Telecom shareholders have been the victims of information overload this week with the company releasing its long-anticipated demerger scheme booklet detailing the planned Telecom/Chorus split.

The demerger proposal will be put to a shareholder vote on October 26.

Calling the shareholder information document a 'booklet' doesn’t really do it justice. At 532 pages it could more accurately be referred to as the 'demerger scheme weighty tome'. For those lacking the time and/or patience to digest the tome’s contents, in summary it suggests splitting the company will cost about $150 million but deliver benefits of about $500 million.

The split is necessary, of course, so the company can pick up a $929 million contract to build the bulk of the Government’s Ultrafast Broadband nationwide fibre network.

While there is widespread agreement the demerger makes sense, Forsyth Barr analyst Guy Hallwright has criticised the scheme booklet for not being user-friendly and for failing to present a proper valuation or justification for the cost and benefit numbers it contains.

This week’s data deluge also included the announcement of a new chairman for post-demerger 'New Telecom' and some interesting titbits about the pay packets of the company’s top brass.

Incoming chairman Mark Verbiest received a baptism of fire from the Shareholders Association who demanded he relinquish some of his many other roles so he had time to focus on the complex and time-consuming job ahead at the telco.

Verbiest seemed happy to oblige, announcing soon after that he had handed in his notice at AMP NZ Office. But just as Telecom’s split makes financial sense for the company, Verbiest’s personal demerger from some of his other roles will also be fiscally advantageous, given the chairman’s job at Telecom comes with a base annual remuneration package of $330,000.

That’s merely a month’s pay for outgoing Telecom CE Paul Reynolds, but then Verbiest’s role is only part-time.

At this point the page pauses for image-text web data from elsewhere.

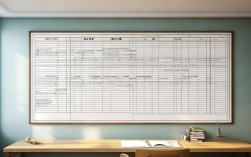 国考模考如何高效提分？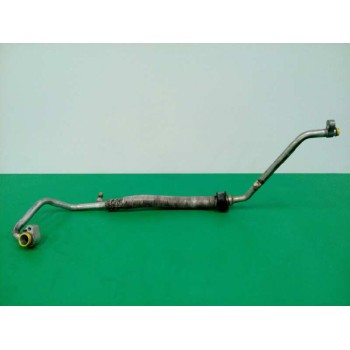 Recambio de tubos aire acondicionado para bmw x5 (e53) 3.0i referencia OEM IAM 691787802  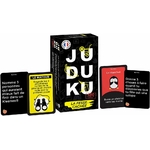 juduku---la-fesse-cachee-p-image-69762-grande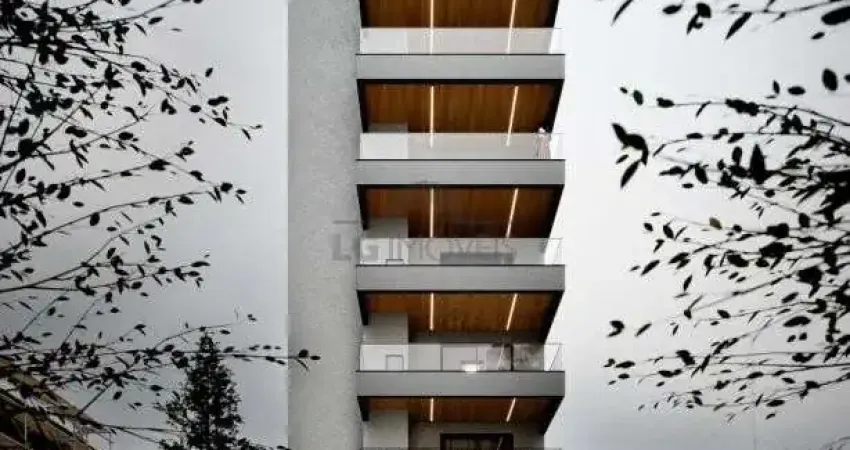 APARTAMENTO no ITAJUBA com 3 quartos para VENDA, 109 m²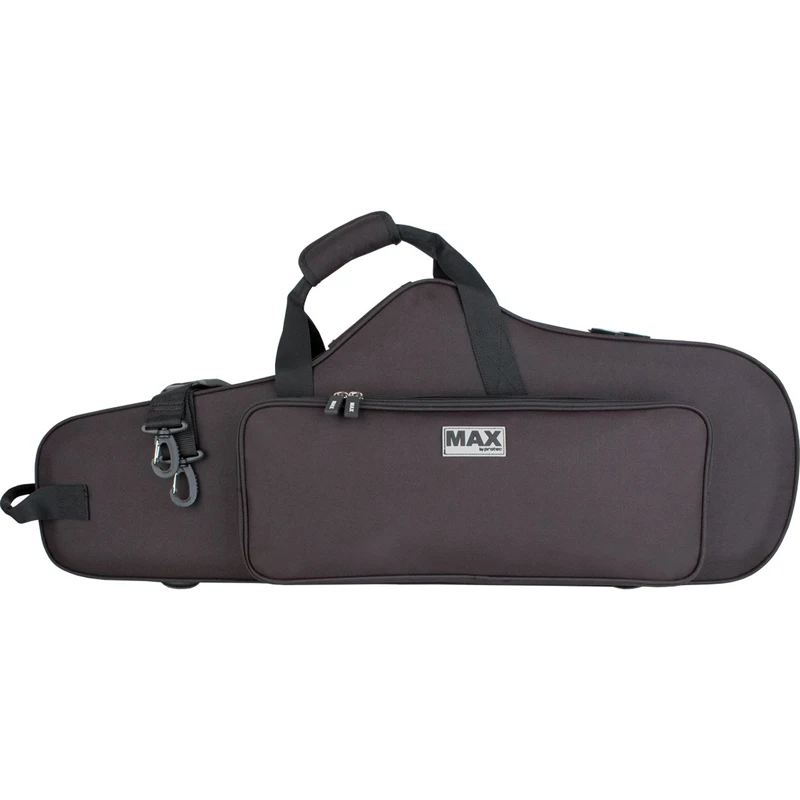 

PROTEC MAX MX305CT box tenor saxophone bag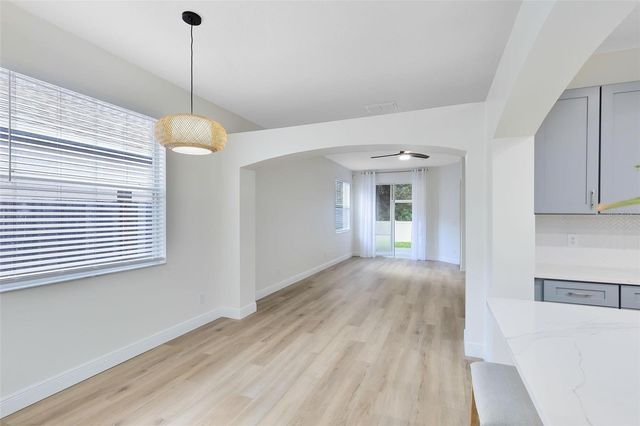 4851 RIVERTON DRIVE, Orlando, FL 32817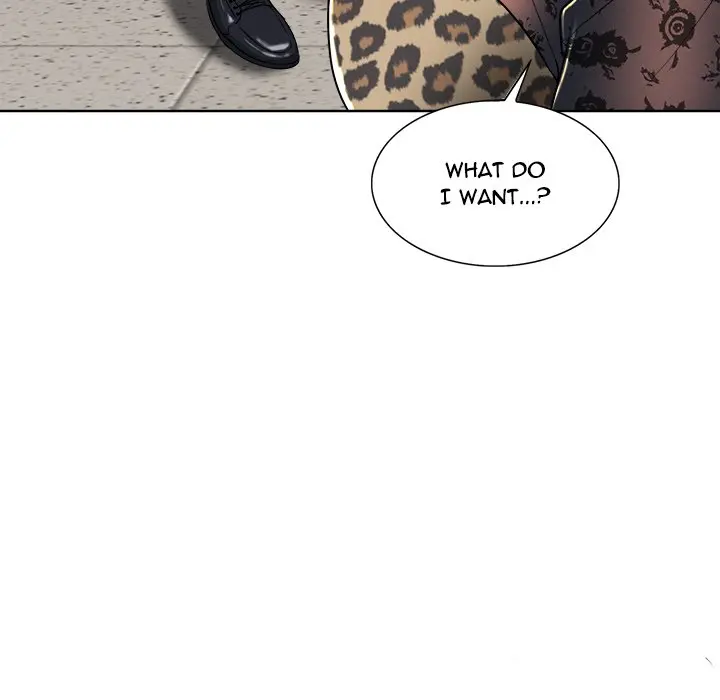 The Affair Episode 30 - Page 36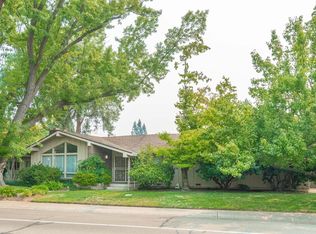1758 Carmelo Dr, Carmichael, CA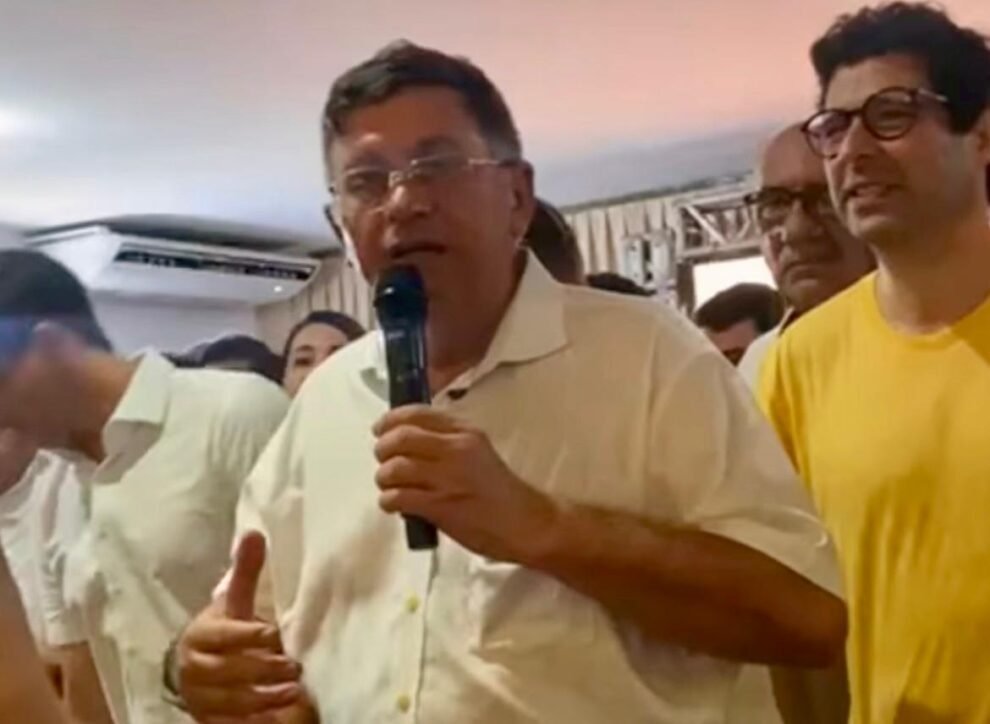 adelmo-moura-fala-como-candidato.-“estamos-prontos,-preparados-e-querendo”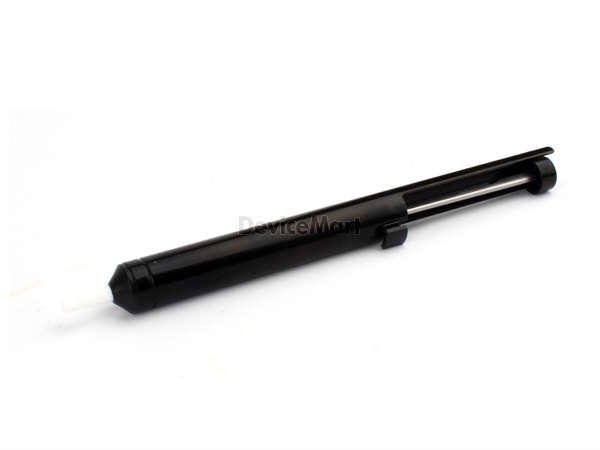 디바이스마트,리퍼브존 > 리퍼브샵,LODESTAR,[리퍼상품] 수동흡입기 230mm [L305148],★리퍼사유 : 오래된재고★ LODESTAR 수동흡입기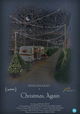 Christmas, Again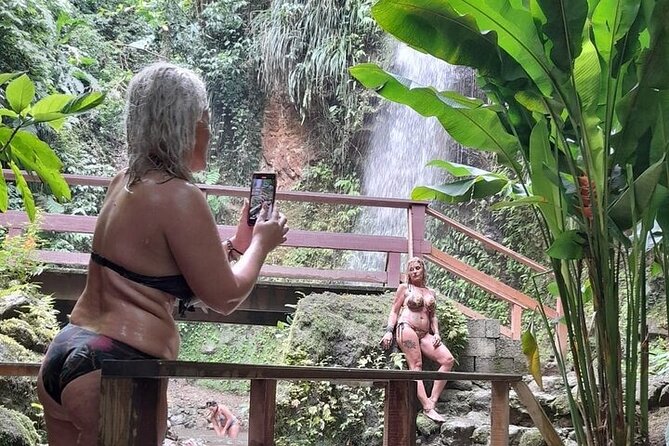 St Lucia Island Fun Tour - Key Things I’d Watch For Before You Go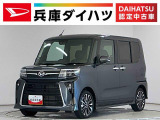 走行無制限1年保証 両側電動スライドドア 前後コーナーセンサー 前席シートヒーター オートハイビーム LEDヘッドライト プッシュスタート オートブレーキホールド 15インチ純正アルミホイール
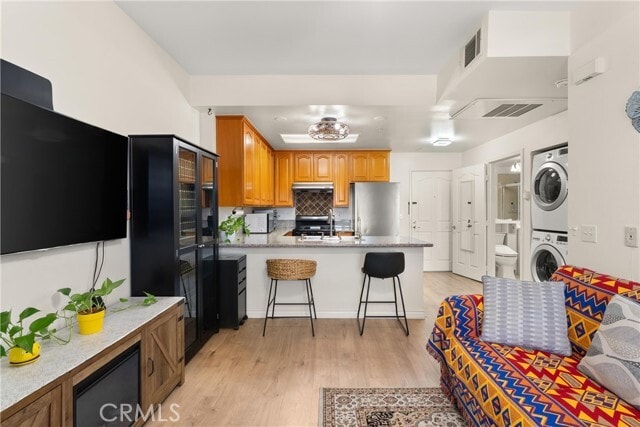 Building Photo - 17888 Alburtis Ave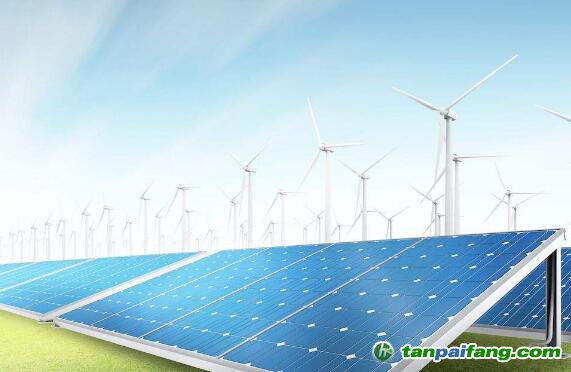 碳市場(chǎng)怎么跟電力體制改革、綠色電力交易和用能權(quán)等其它環(huán)境能源政策相協(xié)調(diào)？CCER以后全國碳市場(chǎng)是否能夠使用？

Reynolds, we also learned, is only one of a dozen Telecom staff earning north of $1 million a year.

Not in the million-dollar league, but likely to remain at the Telecom boardroom table post demerger, is Saatchi & Saatchi supremo Kevin Roberts, who took a bit of a pink-fisted pummelling for his support of the aborted 'Abstain for the Game' advertising flop.

The demerger is scheduled to take place by November 30, provided the shareholder vote is passed.